*** Begin section ***

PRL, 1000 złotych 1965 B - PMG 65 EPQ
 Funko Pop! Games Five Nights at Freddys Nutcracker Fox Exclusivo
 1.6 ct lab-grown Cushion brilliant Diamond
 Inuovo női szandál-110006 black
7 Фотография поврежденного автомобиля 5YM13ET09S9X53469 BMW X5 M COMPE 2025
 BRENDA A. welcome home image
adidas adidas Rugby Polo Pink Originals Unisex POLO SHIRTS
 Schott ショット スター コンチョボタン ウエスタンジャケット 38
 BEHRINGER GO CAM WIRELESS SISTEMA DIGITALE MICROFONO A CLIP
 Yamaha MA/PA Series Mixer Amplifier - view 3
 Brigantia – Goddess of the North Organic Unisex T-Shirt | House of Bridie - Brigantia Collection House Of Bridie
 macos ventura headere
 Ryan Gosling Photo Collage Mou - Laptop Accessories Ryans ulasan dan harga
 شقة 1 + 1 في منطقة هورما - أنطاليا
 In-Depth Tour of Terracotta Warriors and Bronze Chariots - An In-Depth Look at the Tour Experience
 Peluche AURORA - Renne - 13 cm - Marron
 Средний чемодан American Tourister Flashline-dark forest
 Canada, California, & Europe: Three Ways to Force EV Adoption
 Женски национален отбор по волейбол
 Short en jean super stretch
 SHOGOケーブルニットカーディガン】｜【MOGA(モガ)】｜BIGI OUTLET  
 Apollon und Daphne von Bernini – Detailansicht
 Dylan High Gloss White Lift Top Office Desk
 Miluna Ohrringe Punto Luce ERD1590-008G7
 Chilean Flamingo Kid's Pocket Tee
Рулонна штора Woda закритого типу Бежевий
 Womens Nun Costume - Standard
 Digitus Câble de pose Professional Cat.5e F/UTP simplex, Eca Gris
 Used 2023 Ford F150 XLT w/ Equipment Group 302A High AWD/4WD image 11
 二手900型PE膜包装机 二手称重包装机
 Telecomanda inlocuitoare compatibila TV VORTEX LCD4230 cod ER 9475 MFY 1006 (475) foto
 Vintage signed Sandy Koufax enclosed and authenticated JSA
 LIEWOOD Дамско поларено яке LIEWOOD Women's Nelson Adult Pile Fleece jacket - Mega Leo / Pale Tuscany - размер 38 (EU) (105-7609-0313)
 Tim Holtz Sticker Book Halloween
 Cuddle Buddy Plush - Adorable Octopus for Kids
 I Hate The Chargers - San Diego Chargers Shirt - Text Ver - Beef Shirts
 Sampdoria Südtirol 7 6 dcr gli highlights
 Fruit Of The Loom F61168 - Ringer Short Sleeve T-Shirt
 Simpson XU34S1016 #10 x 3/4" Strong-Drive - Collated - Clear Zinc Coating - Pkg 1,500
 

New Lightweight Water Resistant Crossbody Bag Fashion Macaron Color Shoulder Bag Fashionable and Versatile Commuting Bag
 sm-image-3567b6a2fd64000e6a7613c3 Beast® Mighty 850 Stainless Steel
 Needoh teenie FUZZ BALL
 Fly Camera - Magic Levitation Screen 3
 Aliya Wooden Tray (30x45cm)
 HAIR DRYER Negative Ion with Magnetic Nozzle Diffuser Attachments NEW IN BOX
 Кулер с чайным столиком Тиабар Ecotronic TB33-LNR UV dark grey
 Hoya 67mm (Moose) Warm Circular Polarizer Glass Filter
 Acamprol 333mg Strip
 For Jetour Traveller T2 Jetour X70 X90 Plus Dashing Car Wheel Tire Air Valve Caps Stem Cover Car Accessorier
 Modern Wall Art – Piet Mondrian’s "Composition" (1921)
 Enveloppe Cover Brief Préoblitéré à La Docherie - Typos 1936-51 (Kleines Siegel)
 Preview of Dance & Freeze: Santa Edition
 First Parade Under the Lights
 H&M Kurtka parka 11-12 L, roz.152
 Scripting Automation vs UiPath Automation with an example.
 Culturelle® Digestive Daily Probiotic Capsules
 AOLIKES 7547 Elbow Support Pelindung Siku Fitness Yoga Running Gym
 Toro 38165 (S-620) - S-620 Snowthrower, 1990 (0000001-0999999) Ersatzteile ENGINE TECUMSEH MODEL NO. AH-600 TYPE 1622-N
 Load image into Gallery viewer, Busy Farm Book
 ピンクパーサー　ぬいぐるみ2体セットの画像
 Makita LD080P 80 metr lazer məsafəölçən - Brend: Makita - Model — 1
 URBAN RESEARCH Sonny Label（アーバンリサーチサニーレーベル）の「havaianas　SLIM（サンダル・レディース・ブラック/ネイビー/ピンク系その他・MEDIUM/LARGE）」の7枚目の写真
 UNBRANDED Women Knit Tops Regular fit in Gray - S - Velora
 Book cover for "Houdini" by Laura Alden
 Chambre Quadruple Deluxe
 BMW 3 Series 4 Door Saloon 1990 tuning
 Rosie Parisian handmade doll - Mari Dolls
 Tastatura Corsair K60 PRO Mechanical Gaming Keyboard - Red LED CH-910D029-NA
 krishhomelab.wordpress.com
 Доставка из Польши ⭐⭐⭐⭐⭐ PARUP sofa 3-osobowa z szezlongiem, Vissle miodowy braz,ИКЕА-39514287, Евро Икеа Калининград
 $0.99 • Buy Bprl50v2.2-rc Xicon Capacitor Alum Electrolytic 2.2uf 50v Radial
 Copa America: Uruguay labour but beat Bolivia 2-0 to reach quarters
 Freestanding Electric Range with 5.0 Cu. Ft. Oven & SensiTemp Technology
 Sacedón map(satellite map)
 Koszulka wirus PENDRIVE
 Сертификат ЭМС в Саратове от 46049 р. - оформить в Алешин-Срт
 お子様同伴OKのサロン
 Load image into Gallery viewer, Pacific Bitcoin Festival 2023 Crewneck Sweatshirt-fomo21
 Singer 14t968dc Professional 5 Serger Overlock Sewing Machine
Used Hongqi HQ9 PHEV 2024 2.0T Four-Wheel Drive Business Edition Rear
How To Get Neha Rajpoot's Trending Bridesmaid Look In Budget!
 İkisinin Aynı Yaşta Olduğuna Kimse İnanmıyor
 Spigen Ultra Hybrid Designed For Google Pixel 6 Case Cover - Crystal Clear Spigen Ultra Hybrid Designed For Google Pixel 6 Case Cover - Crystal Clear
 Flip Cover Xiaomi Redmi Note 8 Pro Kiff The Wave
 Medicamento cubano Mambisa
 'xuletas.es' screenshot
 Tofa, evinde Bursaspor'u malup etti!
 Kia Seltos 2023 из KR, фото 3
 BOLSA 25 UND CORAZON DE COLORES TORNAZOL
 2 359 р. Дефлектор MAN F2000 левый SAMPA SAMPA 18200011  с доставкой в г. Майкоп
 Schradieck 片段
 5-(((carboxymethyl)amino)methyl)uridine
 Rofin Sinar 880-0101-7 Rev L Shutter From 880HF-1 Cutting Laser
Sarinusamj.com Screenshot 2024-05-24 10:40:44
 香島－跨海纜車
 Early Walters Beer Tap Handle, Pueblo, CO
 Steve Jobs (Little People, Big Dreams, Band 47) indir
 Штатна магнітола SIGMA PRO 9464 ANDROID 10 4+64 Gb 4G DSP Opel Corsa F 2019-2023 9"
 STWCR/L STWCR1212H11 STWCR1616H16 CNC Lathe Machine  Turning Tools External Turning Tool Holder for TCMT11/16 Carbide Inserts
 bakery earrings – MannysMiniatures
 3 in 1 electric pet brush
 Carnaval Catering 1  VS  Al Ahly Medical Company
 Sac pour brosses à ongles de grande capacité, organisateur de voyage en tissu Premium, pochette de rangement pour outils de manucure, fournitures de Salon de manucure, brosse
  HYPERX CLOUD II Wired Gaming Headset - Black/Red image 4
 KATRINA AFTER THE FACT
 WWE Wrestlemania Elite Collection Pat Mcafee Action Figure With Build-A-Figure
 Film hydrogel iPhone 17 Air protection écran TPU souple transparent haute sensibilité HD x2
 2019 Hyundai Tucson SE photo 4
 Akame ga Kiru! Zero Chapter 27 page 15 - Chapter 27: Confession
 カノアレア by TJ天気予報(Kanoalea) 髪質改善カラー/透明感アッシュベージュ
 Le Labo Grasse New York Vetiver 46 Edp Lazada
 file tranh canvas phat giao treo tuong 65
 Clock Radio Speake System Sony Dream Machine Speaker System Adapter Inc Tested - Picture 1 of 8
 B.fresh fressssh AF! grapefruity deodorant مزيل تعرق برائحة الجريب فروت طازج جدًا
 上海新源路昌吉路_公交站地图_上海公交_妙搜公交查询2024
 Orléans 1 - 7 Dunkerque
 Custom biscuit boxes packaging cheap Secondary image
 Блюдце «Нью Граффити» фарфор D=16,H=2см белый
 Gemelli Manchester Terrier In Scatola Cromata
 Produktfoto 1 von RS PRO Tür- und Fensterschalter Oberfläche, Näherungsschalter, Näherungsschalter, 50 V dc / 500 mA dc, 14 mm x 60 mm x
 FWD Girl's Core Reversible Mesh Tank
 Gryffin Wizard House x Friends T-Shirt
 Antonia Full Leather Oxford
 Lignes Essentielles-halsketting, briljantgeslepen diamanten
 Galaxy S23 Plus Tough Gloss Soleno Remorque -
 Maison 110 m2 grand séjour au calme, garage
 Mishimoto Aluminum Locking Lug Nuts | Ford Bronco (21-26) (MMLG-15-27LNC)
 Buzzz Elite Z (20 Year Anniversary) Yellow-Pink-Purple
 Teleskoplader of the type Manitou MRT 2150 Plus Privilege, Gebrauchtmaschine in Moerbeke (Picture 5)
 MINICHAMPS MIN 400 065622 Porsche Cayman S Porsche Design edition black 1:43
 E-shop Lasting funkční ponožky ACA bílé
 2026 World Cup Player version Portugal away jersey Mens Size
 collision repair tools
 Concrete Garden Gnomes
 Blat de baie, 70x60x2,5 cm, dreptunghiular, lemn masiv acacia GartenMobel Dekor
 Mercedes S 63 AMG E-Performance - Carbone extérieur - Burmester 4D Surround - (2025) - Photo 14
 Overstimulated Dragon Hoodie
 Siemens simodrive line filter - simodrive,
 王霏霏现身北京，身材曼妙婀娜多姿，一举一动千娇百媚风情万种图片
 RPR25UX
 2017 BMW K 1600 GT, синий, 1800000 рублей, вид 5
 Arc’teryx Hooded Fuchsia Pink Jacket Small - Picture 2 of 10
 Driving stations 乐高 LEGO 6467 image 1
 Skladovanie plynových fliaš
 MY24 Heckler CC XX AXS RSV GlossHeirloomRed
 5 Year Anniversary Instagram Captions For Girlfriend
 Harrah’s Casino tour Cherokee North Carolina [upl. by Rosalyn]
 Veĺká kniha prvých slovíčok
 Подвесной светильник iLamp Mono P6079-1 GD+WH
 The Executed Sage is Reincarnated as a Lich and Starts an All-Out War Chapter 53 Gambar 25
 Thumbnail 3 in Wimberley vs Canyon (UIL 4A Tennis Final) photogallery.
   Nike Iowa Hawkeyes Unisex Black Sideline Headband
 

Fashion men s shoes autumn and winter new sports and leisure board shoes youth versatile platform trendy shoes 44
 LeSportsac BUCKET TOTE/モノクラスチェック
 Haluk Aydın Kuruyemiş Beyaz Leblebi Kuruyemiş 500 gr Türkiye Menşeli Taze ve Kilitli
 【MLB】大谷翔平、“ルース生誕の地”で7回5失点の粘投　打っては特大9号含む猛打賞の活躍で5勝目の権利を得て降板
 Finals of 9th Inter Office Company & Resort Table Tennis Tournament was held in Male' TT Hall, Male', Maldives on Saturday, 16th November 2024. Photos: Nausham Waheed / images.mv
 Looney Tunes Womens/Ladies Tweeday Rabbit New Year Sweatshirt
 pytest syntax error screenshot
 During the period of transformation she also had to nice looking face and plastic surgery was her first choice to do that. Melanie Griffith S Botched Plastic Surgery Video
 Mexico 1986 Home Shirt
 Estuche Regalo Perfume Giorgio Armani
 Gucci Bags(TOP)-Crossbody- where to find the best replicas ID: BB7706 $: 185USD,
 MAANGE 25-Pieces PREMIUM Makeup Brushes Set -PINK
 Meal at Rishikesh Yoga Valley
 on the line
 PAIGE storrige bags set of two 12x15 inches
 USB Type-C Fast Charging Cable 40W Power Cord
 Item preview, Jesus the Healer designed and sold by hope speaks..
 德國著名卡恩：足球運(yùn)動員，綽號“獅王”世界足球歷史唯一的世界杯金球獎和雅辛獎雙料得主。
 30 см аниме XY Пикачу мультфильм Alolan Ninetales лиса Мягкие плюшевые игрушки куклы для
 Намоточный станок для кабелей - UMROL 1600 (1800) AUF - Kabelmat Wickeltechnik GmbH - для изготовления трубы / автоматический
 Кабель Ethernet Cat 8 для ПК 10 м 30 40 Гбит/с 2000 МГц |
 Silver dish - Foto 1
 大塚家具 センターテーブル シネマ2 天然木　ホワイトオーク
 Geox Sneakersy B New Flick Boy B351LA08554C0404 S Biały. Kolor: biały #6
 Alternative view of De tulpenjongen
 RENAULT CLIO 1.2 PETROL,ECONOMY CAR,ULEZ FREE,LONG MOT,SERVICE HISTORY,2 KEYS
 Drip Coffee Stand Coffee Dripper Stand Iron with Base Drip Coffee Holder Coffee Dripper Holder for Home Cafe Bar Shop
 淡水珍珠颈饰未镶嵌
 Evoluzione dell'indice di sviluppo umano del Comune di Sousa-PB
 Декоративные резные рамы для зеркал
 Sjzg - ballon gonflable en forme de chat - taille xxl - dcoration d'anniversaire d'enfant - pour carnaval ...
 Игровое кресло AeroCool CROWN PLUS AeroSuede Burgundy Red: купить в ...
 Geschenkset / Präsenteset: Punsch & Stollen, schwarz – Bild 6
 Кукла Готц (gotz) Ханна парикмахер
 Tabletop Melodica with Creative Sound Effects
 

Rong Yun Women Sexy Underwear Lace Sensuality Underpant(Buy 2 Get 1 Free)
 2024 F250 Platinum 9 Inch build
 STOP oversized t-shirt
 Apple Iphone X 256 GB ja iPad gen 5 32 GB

*** End section ***

Your objective:
Looking at the data above, how many lines hold the string "Professional"? Reply with only the number.

Expected answer:
2